OREGON'S OCEAN

DESCRIPTION

The chart of our study area is approximately 50 nautical miles north to south and 20 nautical miles east to west - about1000 square nautical miles. The area represents about 20% of Oregon's continental shelf waters. It is hypothetical, but resembles ocean features off the central Oregon coast. Familiar geographic names have been used to identify the features and fishing communities.

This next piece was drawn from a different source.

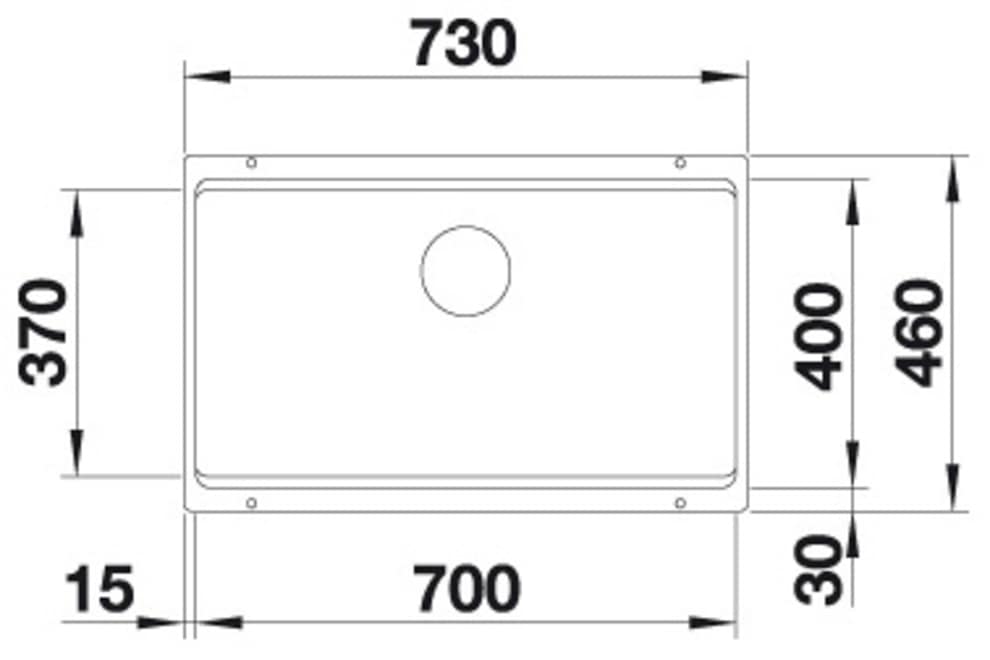 Blanco Granitspüle »ETAGON 700-U«, zum wechselseitigen Einbau geeignet, inklusive 2 ETAGON-Schienen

The rocky areas of the continental shelf contain a high diversity of physical habitats and conditions. Production (breeding and nursery functions) for species such as rockfish is very high compared to the sand and sand-mud areas nearby. However, the sand and mud areas have supported bottom trawling for rockfish and other species over a number of years. Over the last ten years, these traditional areas have yielded smaller and smaller catches. Commercial bottom trawlers have therefore increased their efforts in rocky areas even though the rocky bottom is more damaging to bottom trawl gear. Charter and private sport boats, fishing with hook and line, have always fished the rocky areas for lingcod and rockfish. In recent years, this effort has increased due to reductions in opportunities to catch salmon. Charter captains and sport fishers have noticed that some of the rockfish species they catch have been getting smaller, on average, over the last ten years.

There are two major ports on our map, Newport and Garibaldi. Both support major commercial fisheries, have fish processing plants, and related marine businesses. Sport fishers fish with hook and line, and either use their own boats, or pay charter boats to take them to the fishing areas. Both ports support large charter businesses. The sport fishery catches primarily rockfish and lingcod, mostly around rocky areas and close to shore. The commercial fishing industry has been hit hard with cutbacks in allowed catch for some rockfish species in recent years, and the charter industry has been equally hurt by cutbacks in salmon fishing over the last eight years. Still, the contribution of fisheries to the economy is substantial, and has grown more important as the forest products industry has been reduced.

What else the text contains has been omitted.